The exhibition focuses on the future, more specifically, on the power we have of transforming it through symbolic actions, whether these come in the form of gestures, objects, practices or beliefs; the time and energy we invest in the symbolic, ultimately becomes a powerful tool to modify the course of what’s to come.

The work of Heather Guertin uses language in writing and performance, to reveal characters in the process of transformation. These creative practices inform the artist’s ongoing interest in the construction of the self. Within historical structures, such as narrative, comedy, and minimalism, she produces small deviations in form. The strange and personal exists in harmony with the universal. For the exhibition, Guertin will be reciting an excerpt of a book she is currently working on while creating a work of art, a painting that inhabits the exhibition as a receptor waiting for a story, a message. All the elements present in the selected works, synthesize and combine two types of communication, visual and aural, into one performance. 

Through sculpture and textile work, Yann Gerstberger’s practice uses craftsmanship as an image making technique. A French artist living in Mexico City since 2012, Gertsberger has been producing a series of tapestries developing narratives inspired by patterns found in Mexican and African culture, art history and nature. Swiss Swatchin’ , the work included in the exhibition, blends african ritual imagery with Yoruba religion references and Nigerian Folk. The works are produced using an original technique conceived by the artist, in which he glues fibers of cotton (mops, originally) on repurposed vinyl to create naïve patterns and compositions that he then mixes with industrial utility fabrics found in markets around the city. The cotton fibers are dyed by hand, using a mixture of natural mexican dyes such as cochineal, and industrial ones like Citocol. The result is vernacular vocabulary that includes and references anything from Jodorowsky’s Fábulas Pánicas, to the European fantasy of the tropical, post-graffiti mark making, techno music, pagan rituals, and the history of abstraction with its repertoire of ambiguous and mystical shapes.

Michael Linares’s piece Unidentified Oracle is a source of answers; an artifact that contains a series of powerful elements, including enemy repelling amulets, and a five thousand year old prehistoric thunderstone found by the artist on a recent archaeological excavation. The oracle helps the spectator find the answers to whichever question they might have at any given moment. In order to activate it, ones needs to believe first, then think about the question and wait for the answer that will, eventually, come to you. As an object of art, the piece works as evidence of the human attempt to materialize the intangible, through the manipulation and modification of the auratic qualities of matter. The specificity of the elements that constitute the oracle, reveals a material eloquence that’s impossible to convey through words and can only be understood through the symbolic.

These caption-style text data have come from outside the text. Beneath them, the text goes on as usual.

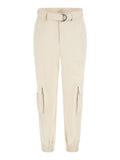 Guess Pantalone Cargo Riko Donna W4RB18WFVV0 Pearl Oyster - Beige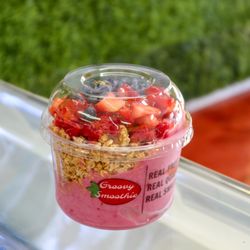 Groovy Smoothie - Pitaya Bowl
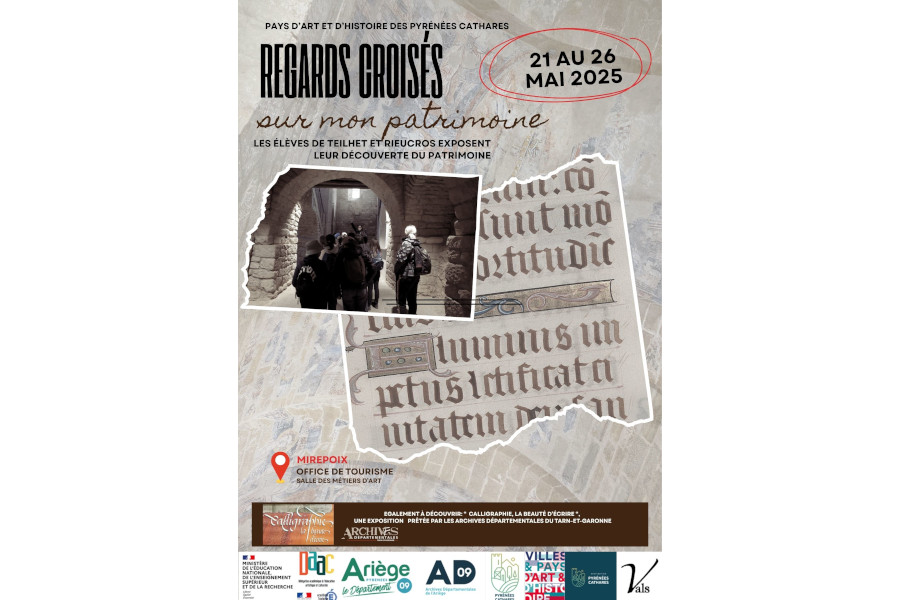 Patrimoine en famille: expositions et ateliers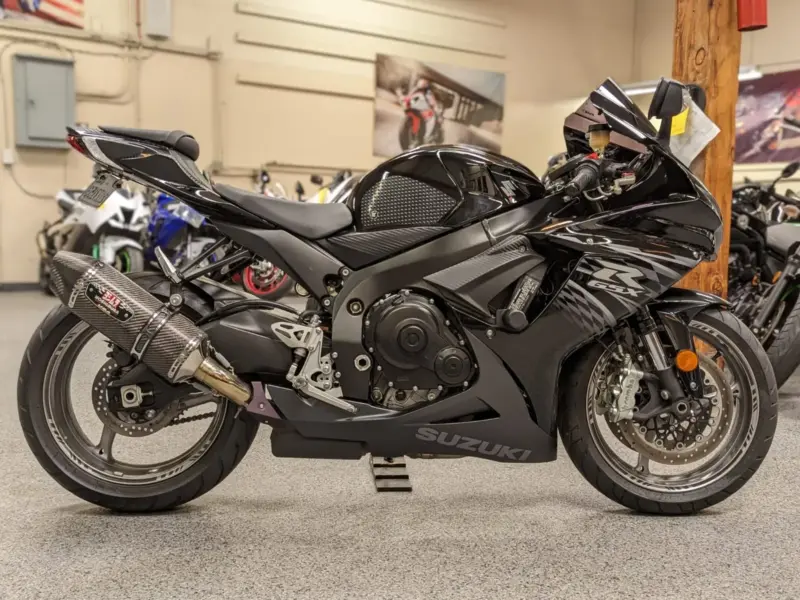 2011 Suzuki GSXR 600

We Came Over Water is a collaboration between artists Zadie Xa and Benito Mayor Vallejo inspired by Xa’s interest in Korean shamanism and personal rituals. Set within the fictional narrative of Xa’s recent performance work “Crash, Boom, Hisssssss. Legend of the Liquid Sword”, the shoes operate as magical accoutrements for an imagined alter ego, through which the possession of supernatural abilities is enabled when worn on the body. Within the gallery presentation, short grain rice, glass marbles and conch shell fragments (collected from Jeju Island on the artist’ recent research trip to Korea) fill the empty boots highlighting a personal ceremonial protocol held before each ritual and performance begins. These three components are objects of good luck within Xa’s imagined world.

We Came Over Water functions as an “elevating plinth” for Xa’s performing body while adding to the identity and character of the fictional figure portrayed. The main themes explored within the performance include the interrogation of authentic versus inherited positions and displacement within the Asian diaspora.

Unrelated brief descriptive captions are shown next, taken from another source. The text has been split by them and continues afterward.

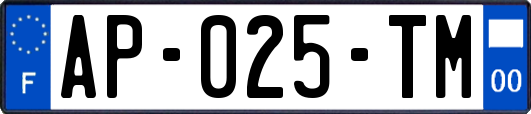 AP-025-TM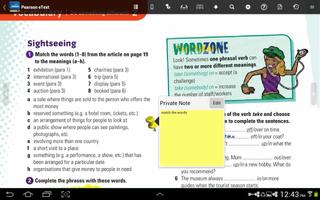 Pearson eText for Schools syot layar 1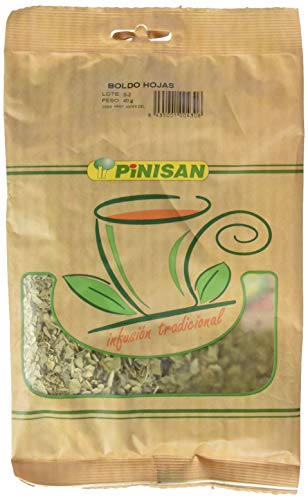 Pinisan Boldo Hojas TRITURADO 50 gr, No aplicable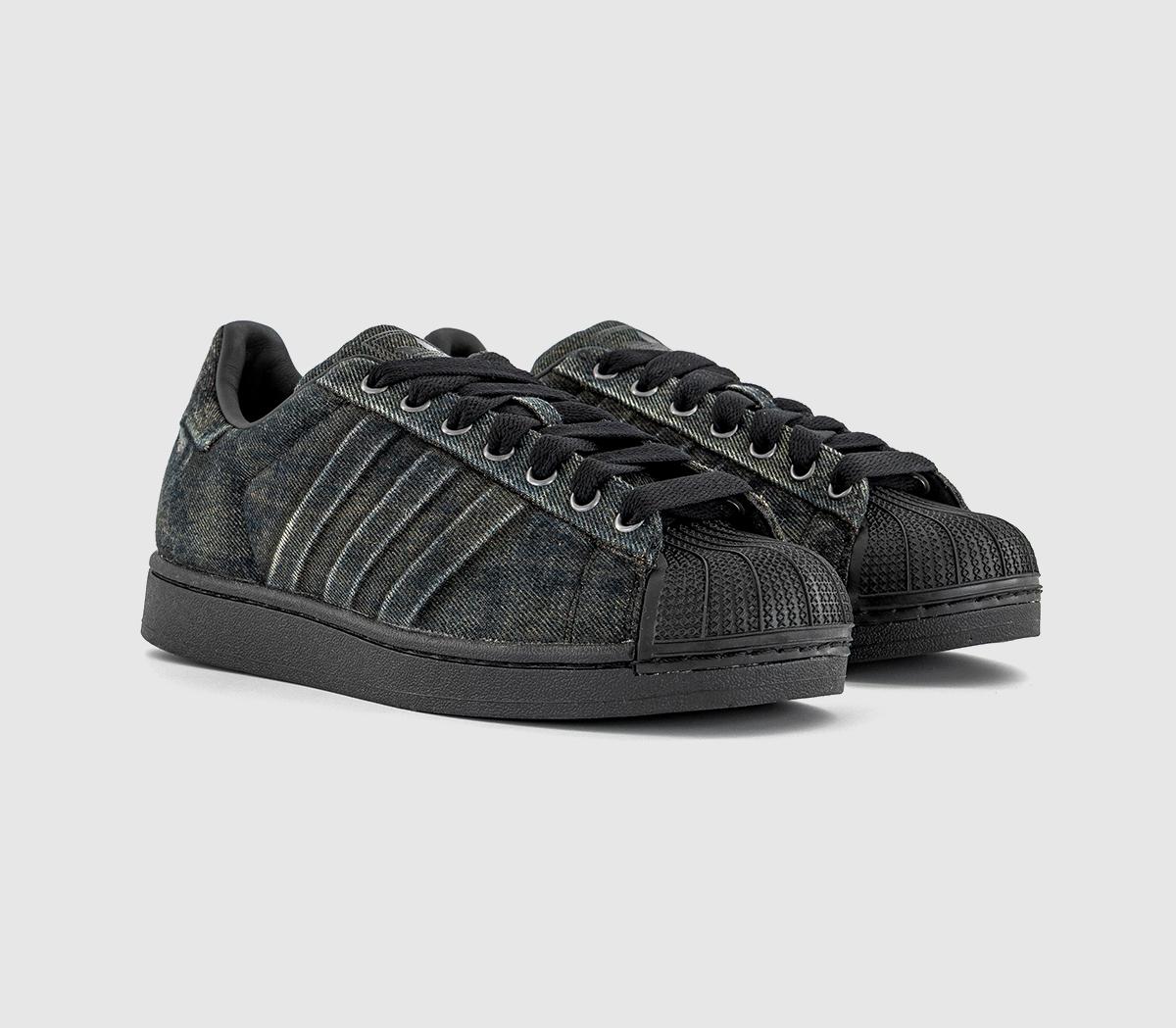 adidasSuperstar II TrainersDenim Brown Core Black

Photography is a starting point in Ramiro Chaves’s work, but always as a critical medium used to explore the image as a construct of time and history. His intention is to examine the possibilities that the expansion/contraction of the photographic image can have towards other disciplines such as drawing, painting, sculpture, and editorial work, among others. Chaves’s practice departs from a personal methodology in which the accumulation and appropriation of information and objects, products of investigations and documentary and autobiographical practices, come together and make sense while unfolding in parallel ways re-signified in a new idiosyncratic language.

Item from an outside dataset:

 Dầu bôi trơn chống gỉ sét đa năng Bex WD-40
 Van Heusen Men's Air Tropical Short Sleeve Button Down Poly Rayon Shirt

The drawings included in the exhibition are part of a larger, unfolding body of work that the artist calls El Fenómeno Manimas (The Manimas Phenomenon) in which diverse imaginaries related to infancy, animals, architecture, and mysticism are intertwined and combined into loose exercises that integrate his interest in certain structures, both formal and symbolic, such as history, memory, identity and the idea of modernity through the legacy of Latin American Architecture. 

In Beatriz Santiago Muñoz’s Ojos para mis Enemigos, Pedro Ortiz Pedraza prays to the Orishas. “Give eyes to my enemies, so that they may not take mine out”. This is not a ruin and there is no nostalgia, no melancholy for a different future. The cotton trees have returned, from a time before the US Navy base was here, from an even more brutal past. Now they are taller, stronger. The cotton in Pedro’s hands is for Obatalá, an Orisha who loves the color white. Nature which is outside of all morality, is coming back. It has been 10 years since the base closed. It is a wild combination of native species, introduced species from the agricultural past, ornamental betel nut palms for the Navy’s housing. There can be no return. Packs of abandoned dogs, wild boars escaped from a farm, and native birds jockey for position. No future has been determined yet. The forest retakes acres of land every day. An infinite number of events take place.